Default method guidance:

• fixed_gap remains the default because it is substantially faster and is the intended production embedding backend.
• biopython can be used when full dynamic-programming semantics are required, but no repository benchmark currently shows a consistent downstream quality gain that justifies making it the default.
• End-to-end embedding pipelines may show smaller speedups (for example 3-4x) than raw pairwise core-kernel comparisons due to non-alignment overhead.

Repertoire internals and lazy tabular backend

LocusRepertoire supports three internal representations:

• eager clonotype list (clonotypes),
• lazy column bundles (_pending_cols) for fast parser paths,
• Polars table (_polars_table) for tabular I/O and grouped operations.
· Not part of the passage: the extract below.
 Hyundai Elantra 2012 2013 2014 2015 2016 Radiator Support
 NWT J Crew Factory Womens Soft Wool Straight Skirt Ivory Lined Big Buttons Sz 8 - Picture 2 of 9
When a repertoire is built from a Python clonotype list, no Polars table is created up front. The table is generated lazily on first to_polars() call and cached for reuse. Count properties (clonotype_count, duplicate_count) stay fast and avoid full materialization when lazy columns or Polars data are available.

Mask and match sequences

from mir.basic.alphabets import (
    aa_to_reduced,
    mask,
    matches,
    matches_aa_reduced,
    NT_MASK,
    AA_MASK,
)

nt_masked = mask("ATCGAT", (2, 5), NT_MASK)
assert nt_masked == b"ATNNNT"

aa = "CASTIV"
reduced = aa_to_reduced(aa)

# Matching ignores mask symbols: N for nucleotides, X for amino-acid alphabets.
assert matches(mask(aa, 0, AA_MASK), aa, AA_MASK)
assert matches_aa_reduced(aa, mask(reduced, 3, AA_MASK))

Resources

• Example notebooks are available in notebooks/.
• API and module/function documentation: https://antigenomics.github.io/mirpy/modules.html
• Notebook gallery in docs: https://antigenomics.github.io/mirpy/examples.html
• Docs source tree: docs/
• Agent skill guide for LLM-assisted workflows (Claude, GitHub Copilot, similar agents): skills/mirpy/SKILL.md

Project status

The library is actively evolving. Some modules are more mature than others, and the public API may still change in places.